いざそのXデーが来て、もしも何か問題があれば、場合によっては、つい感情的に「別れる!」と言いたい瞬間もあるかもしれません。しかしそうした極端な言葉を出す前に、まずは問題の解決策を探りたいです。もしもそうした状況で、その夫が何か小さなことを妻にあれこれ言いつけていたら、それにストップを掛けるためには、夫はまず妻のストレスが、自分のそれが原因でかなり溜まっていることを充分理解する必要があります。夫が何か自分の活動を見つけて、昼間は家の外に出る、といった事が場合によっては最終的な解決策になるかもしれません。
もしも夫が妻の言葉にまるで耳を貸さない場合、場合によっては、その夫は妻の話は軽く耳に流してしまうが、専門家の話ならば、しっかり耳を傾ける…といったタイプかもしれません。そうした際は、カウンセリングルーム、あるいは精神科(神経科)を夫婦一緒に受診されて、そうした専門家からアドバイスを受けてみることも、覚えておきたい1つの道です。

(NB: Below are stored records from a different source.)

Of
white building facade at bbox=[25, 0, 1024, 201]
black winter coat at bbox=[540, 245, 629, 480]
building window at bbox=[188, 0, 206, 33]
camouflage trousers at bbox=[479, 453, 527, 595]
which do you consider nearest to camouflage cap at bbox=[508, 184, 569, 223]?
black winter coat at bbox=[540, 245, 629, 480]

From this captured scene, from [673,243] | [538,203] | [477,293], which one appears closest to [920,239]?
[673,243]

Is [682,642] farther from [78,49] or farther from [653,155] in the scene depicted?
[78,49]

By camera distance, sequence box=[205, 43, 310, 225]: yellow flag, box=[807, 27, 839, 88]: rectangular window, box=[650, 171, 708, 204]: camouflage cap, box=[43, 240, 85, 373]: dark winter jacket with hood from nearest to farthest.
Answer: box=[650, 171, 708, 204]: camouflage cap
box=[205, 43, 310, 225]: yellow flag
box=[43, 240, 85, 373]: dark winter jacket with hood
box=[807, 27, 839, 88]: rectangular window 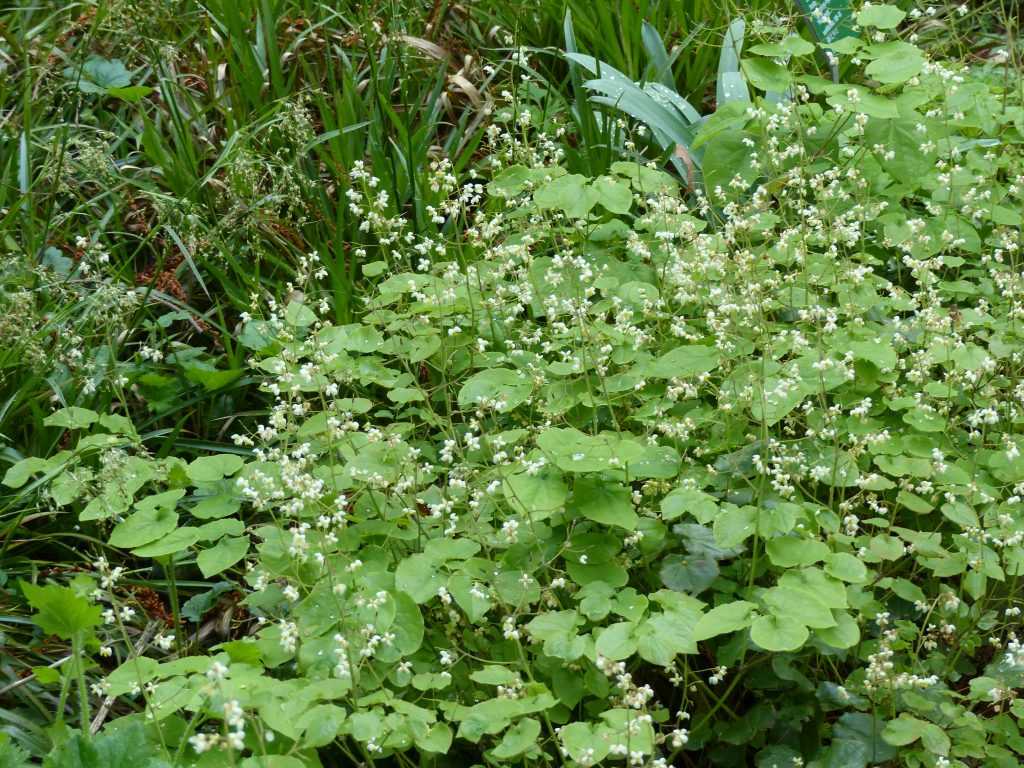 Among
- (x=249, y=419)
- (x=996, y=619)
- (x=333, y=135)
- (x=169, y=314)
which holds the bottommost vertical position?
(x=996, y=619)

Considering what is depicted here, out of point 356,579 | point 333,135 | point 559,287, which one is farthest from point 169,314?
point 356,579

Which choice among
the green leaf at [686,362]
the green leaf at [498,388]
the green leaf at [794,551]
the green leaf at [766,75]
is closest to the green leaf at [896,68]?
the green leaf at [766,75]

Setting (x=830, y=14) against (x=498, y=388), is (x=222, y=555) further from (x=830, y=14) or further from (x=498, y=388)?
(x=830, y=14)

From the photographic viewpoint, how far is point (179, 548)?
2275 mm

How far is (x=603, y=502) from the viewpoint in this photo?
2242mm

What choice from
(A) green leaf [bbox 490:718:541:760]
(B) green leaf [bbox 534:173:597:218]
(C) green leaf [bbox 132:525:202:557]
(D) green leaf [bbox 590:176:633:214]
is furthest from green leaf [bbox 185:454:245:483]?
(D) green leaf [bbox 590:176:633:214]

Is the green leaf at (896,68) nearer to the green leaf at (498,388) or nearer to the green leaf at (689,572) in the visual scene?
the green leaf at (498,388)

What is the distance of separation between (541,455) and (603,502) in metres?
0.15

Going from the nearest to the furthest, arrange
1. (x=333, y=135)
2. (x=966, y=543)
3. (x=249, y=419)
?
(x=966, y=543) → (x=249, y=419) → (x=333, y=135)

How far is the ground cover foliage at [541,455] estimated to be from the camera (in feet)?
6.79

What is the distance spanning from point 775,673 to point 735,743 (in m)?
0.15

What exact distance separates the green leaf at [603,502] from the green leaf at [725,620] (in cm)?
26

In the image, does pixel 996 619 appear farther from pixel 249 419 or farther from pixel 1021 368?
pixel 249 419

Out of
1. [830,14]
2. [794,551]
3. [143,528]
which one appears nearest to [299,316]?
[143,528] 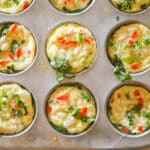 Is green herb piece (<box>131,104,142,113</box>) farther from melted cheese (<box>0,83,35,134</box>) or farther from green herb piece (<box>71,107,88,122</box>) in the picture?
melted cheese (<box>0,83,35,134</box>)

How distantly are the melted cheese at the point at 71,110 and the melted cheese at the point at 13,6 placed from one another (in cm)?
71

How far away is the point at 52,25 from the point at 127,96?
791mm

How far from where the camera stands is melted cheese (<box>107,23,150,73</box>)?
3670 millimetres

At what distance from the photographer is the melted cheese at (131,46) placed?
12.0 ft

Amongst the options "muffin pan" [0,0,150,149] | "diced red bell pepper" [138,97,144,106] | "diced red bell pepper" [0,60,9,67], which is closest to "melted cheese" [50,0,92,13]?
"muffin pan" [0,0,150,149]

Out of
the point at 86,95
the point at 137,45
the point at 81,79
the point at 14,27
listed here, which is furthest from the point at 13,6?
the point at 137,45

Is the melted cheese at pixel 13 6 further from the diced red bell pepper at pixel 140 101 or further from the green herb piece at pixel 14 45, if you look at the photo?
the diced red bell pepper at pixel 140 101

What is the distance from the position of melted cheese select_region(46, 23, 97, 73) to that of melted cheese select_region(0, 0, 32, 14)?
12.3 inches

もしも夫の在宅ストレスがきっかけで、妻が、うつ病や心身症など心の病気を発症した場合は精神科での治療が必要です。その始まりの可能性に気付く目安としては、もしも何か普段とは違うレベルでの心身の不調が1週間以上続いていれば、その時点でぜひ精神科(神経科)受診を、ご考慮してみてください。